Конечности мужчины были не особо приспособлены для держания подобных предметов, однако, впечатлительный и любопытный, Гавриил не мог отказать себе в маленькой радости. Свесив одно копыто через деревянный стульчак, он согнулся в спине, дабы даровать себе возможность прикоснуться к желанному распылителю. Неловко обхватив гладкий сосуд с дивным букетом зелени и цветов, он спешно распылил его по ближайшей округе, однако не сумел вовремя остановиться и пустил слезоточивую струю себе в морду. Неуклюжее действо продолжилось, когда под гнетом мышечных реакций путешественник дернулся назад и, смачно врезавшись в кафельную стену, прогнулся под собственным весом. Застрявший в узком пространстве между фаянсовым осведомителем и неприступной стеной, он совершил несколько отчаянных попыток освободиться, но мандраж яростного подергивания всем телом не возымел успех. Тогда, будучи натурой утонченной и адаптивной, Гавриил расслабился и, благодаря задравшейся кверху голове, в полумраке освещения лицезрел закатное солнце.
В узкой полоске небольшого окошка романтичная полусфера медленно опускалась за линию горизонта, распыляя по округе красочный и завораживающий набор красных оттенков. В мире, откуда пришел Гавриил, ничего подобного не было и быть не могло, ведь в стране тысячи облаков свет не был навязчивым и исходил из приборов искусственного излучения, а солнце радовало своим появлением лишь один раз в году. В трепете и благоговении, плененный красотой пейзажа, он поспешил выйти из небольшого коттеджного домика, чтобы сократить дистанцию между собой и солнцем до природной естественности наблюдения. В поддающемся изучению дворике, среди садовой утвари и беснующегося от напора шланга, он увидел небольшой надувной бассейн. Подойдя к тому ближе и поглядев в отражение, он увидел блистательного пламенного гиганта и белоснежного единорога, расположившегося под ним.
– Ну и где все?

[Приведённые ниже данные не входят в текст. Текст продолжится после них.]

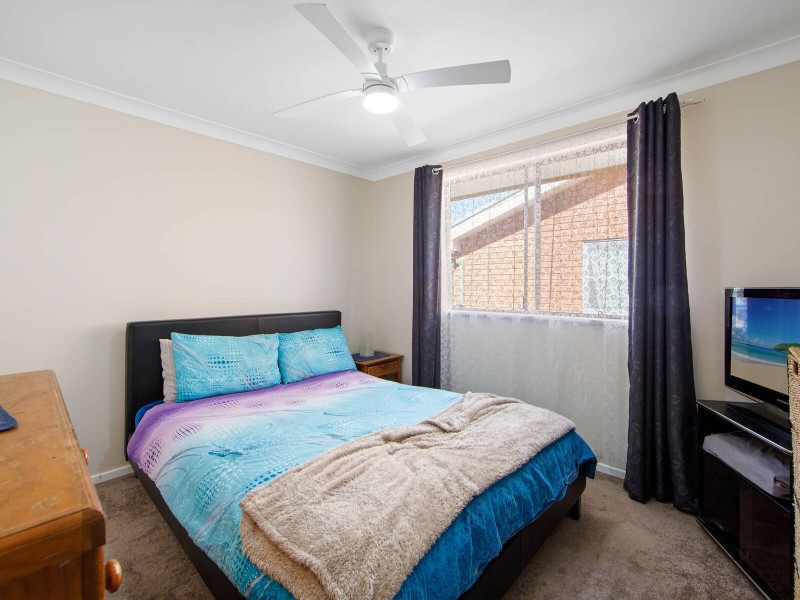 3 Wattle Street, Wauchope NSW 2446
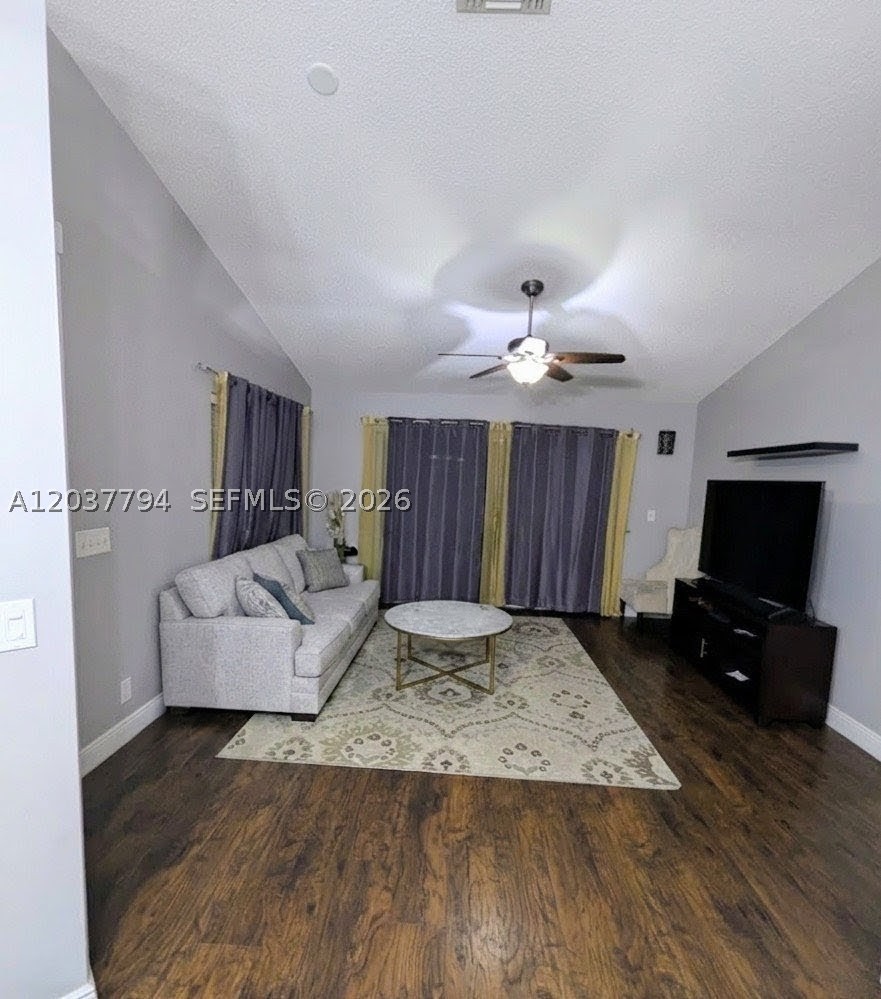 ALLEGRO - Residential Lease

Спросил Гавриил сам себя, начав ощущать подступающую на него со всех сторон тишину абсолютно пустого города.
Часть 2
Когда на улице стемнело, Гавриил интенсивно вышагивал вдоль ухоженного тротуара. В доносящихся с ветром отзвуках улицы и провокационном шелесте листвы, принадлежащей не редким в этих местах декоративным кустарникам и карликовым деревьям, он слышал шальные голоса нервных мыслей. Сначала ему казалось, что за ним кто–то следит. Наблюдает, опасливо соблюдая дистанцию достаточную, чтобы Гавриил не мог его видеть. А ведь зрение у него было отменное: еще в детстве, будучи энергичным и игривым жеребенком, он мог сквозь туманную пелену разглядеть белку, снующую по дереву в нескольких десятках метров от него. Позже, когда череда фонарных огней начала заканчиваться, плавно переходя в неосвещенную романтичность песчаного пляжа, он стал слышать голоса, призывающие идти быстрее и не останавливаться на месте. По какой–то необъяснимой причине, взбудораженное сознание диктовало Гавриилу паническое настроение и агитировало к тому, чтобы поскорее найти укрытие. Но неиссякаемый дух авантюризма и жажда приключений, с которыми он и пришел в этот мир, играли на струнах переживаний собственную мелодию, заставляя путешественника балансировать на грани между страхом и любопытством.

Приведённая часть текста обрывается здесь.